More memory bandwidth. Wider loads and a local scratchpad. That, not lane count, sets the post-FP ceiling.

There is a sharper point from §3. The AVR-XPU cannot beat an FPU-equipped ARM or RISC-V on raw fp throughput. So its case is not peak FLOPS. Its case is energy and area for a stripped, domain-specific datapath. A minimal fp/int8 MAC, fed by enough bandwidth, competing on energy-per-op.

My kill-criterion did fire. I had written it down at the start. Kill the project if it is memory-bound. But it killed the right thing. It killed wide SIMD, not the coprocessor. A lean arithmetic core still delivers the win. It just should not be vector-wide.

Why I'm glad I measured first

The elegant path was tempting.
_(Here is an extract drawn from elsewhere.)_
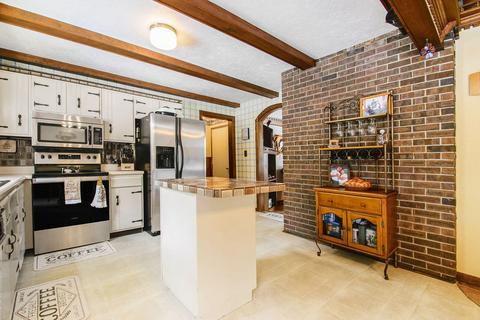 10663 68th Ave, Allendale, MI 49401 photo 6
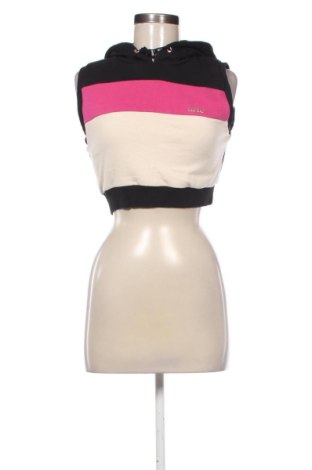 Damski top Liu Jo, Rozmiar XS, Kolor Kolorowy, Cena 198,98 zł, #137580663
Spend a month on an 8-lane vector unit. Then watch seven lanes starve at simulation time. Instead the analysis was a harness, a validated model, and a spreadsheet. It redirected the whole project before any RTL.

The cheapest mistake is one you catch in the model. Intuition about bottlenecks is often wrong. A roofline plot shows where the bottleneck actually is.

The gem5 AVR model and ISA work live in a fork (ragnar-vallhala/gem5, branch btp). The harness, kernels, and every run-log live in AVR-XPU. All numbers and figures here are from validated, bit-exact gem5 runs.